En el caso del crimen del padre Pupiro tanto la Iglesia católica, el pueblo concheño y los nicaragüenses, pedimos a la Policía Nacional la revelación de la verdad completa sin vacíos de ninguna clase. Gracias a Mons. Leopoldo Brenes, arzobispo de Managua, a Mons. Silvio Báez, obispo auxiliar, por inducirnos a buscar sin violencia la verdad de Jesucristo. «Yo soy el camino, la verdad y la vida».
Mercedes Gordillo. Escritora nicaragüense
HIPERTENSIÓN ARTERIAL POLÍTICA, SOCIAL Y CULTURAL
Es razonable y más que justo que todos los candidatos deberían decirles a sus seguidores que no pongan al pueblo al filo de la navaja en esta campaña electoral y elecciones del 6 de noviembre 2011, que no se agredan, pues todos somos hermanos nicaragüenses, hay que civilizarse. ¿Qué harían los cuatro políticos que existen y los dirigentes de los partidos si todo el pueblo se rebelara?
Las «clases políticas» nicaragüenses si continúan en discordias politiqueras inútiles, entonces ¿cuándo el país va a surgir? La política es cultura y no confrontación. Se vería sabroso que la campaña electoral sea cívica, con espíritu deportivo, no actuar como energúmenos sin conflictos y gane el que elija el pueblo.
Tampoco se trata cuántas elecciones determinados candidatos ha perdido o ganado, lo que cuenta es el bienestar que hace para el país ese candidato ganador ¿y qué hacen los perdedores para beneficio del país?
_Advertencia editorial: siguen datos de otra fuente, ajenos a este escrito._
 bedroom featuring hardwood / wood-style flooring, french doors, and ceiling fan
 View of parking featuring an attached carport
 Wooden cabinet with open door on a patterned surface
El problema estriba que ningún gobernante nunca queda bien con su manera de gobernar, siempre los políticos inconformes buscan pelos en la sopa y por eso «azuzan al pueblo». Si fuéramos perfectos es otro asunto, pero solo nuestro padre celestial Dios lo es.
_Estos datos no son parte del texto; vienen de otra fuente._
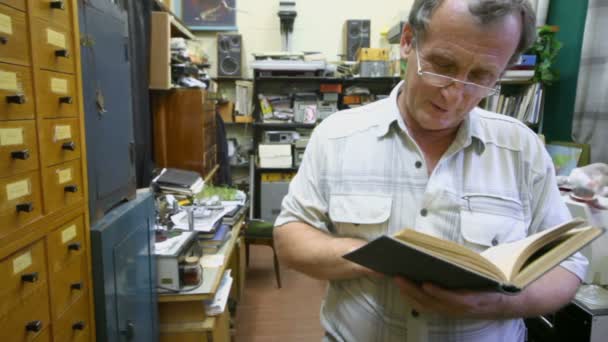 Mann liest Buch im Labor — Stockvideo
Por tanto, hay que reconocer que los gobernantes que hemos visto actuar hacen en la medida de sus posibilidades mejoras de todo tipo, unos en más otros menos pero hacen, pero también cometen errores y se detecta alguna corrupción en ciertos funcionarios. No hay gobierno malo, sino mal entendido. Queremos que las cosas se hagan a nuestros gustos y a veces no se puede por las condiciones y medios que tenga a su alcance ese gobierno de turno.
Efectivamente nuestra política nacional e incipiente democracia está atravesando por algunos politiqueros el síndrome de la obesidad, es decir, nuestra política padece de hipertensión arterial política, social y cultural porque sus arterias las han obstruido de tanta politiquería inflacionaria barata. Esta enfermedad no se cura, pero necesita medicarse. Que los políticos, partidos y alianzas partidarias de todas las tendencias rediseñen su modelo político donde impere la paz y el entendimiento nacional.
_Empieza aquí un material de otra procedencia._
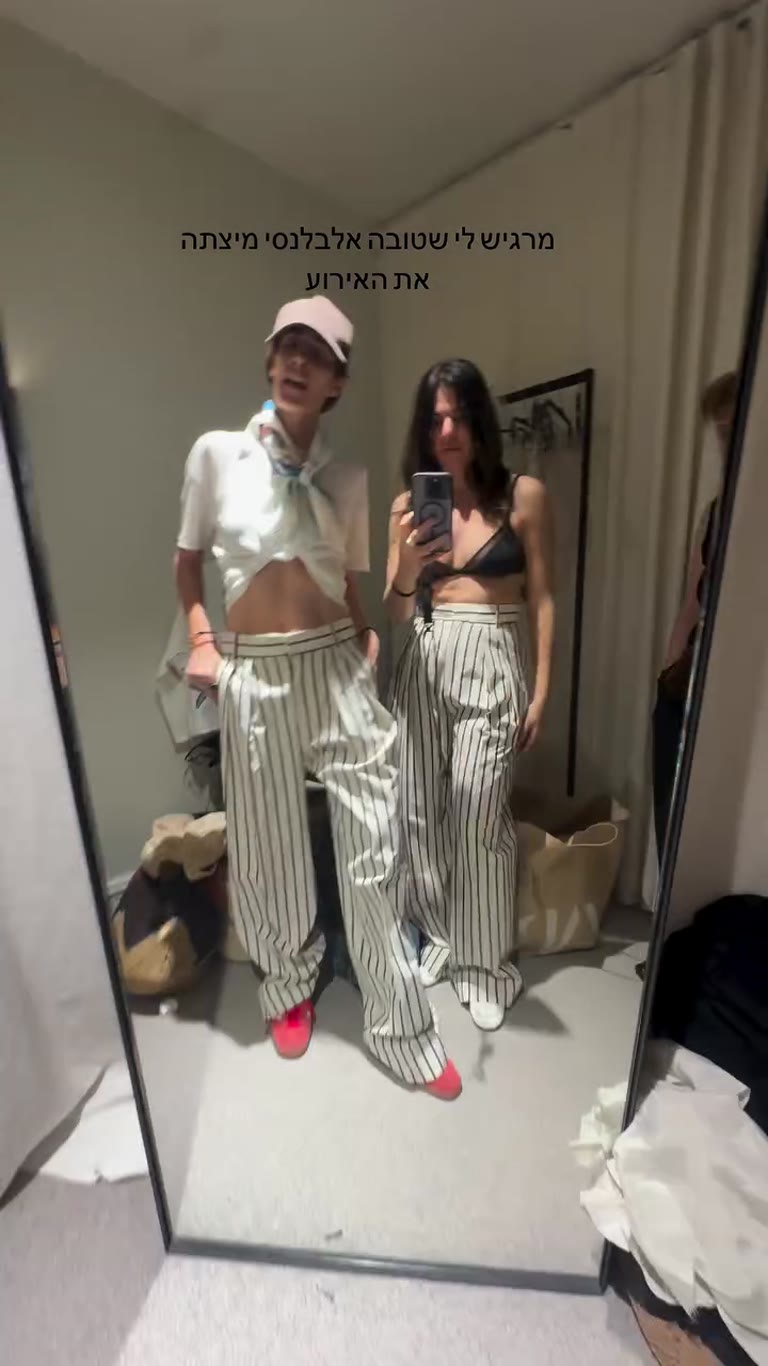 Backstage mirror selfie in a Paris fitting room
Si la política nacional y la democracia la continúan poniendo obesa le puede dar un paro cardiaco o se vuelve hipertensa y después nadie la salva. Salven nuestra política nacional renovándola al interés de la realidad de la democracia y de nuestro futuro, hay que obviar los cánones arcaicos. ¿O es que no quieren a su pueblo? El pueblo no quiere enfrentamientos callejeros, ni guerra bélica en la campaña y las elecciones. Respeten al pueblo.
Bayardo Quinto Núñez
LAMENTABLE DECESO
Recientemente entregó su alma al Altísimo el muy prestigiado productor y empresario matagalpino, don Samuel Amador Pineda, quien gozaba de especial cariño y respeto por parte de la sociedad matagalpina en donde nació, creció y vivió la mayor parte de su vida.
Don Samuel era un hombre no solamente muy sociable que le gustaba identificarse con su pueblo, sino que también sabía darle respuesta a muchas personas que le solicitaban trabajo en momentos difíciles; razón por la cual fue despedido emotivamente por quienes guardan gratos recuerdos de su persona en sus corazones como un gran amigo. Envío mi más sentido pésame a la familia doliente.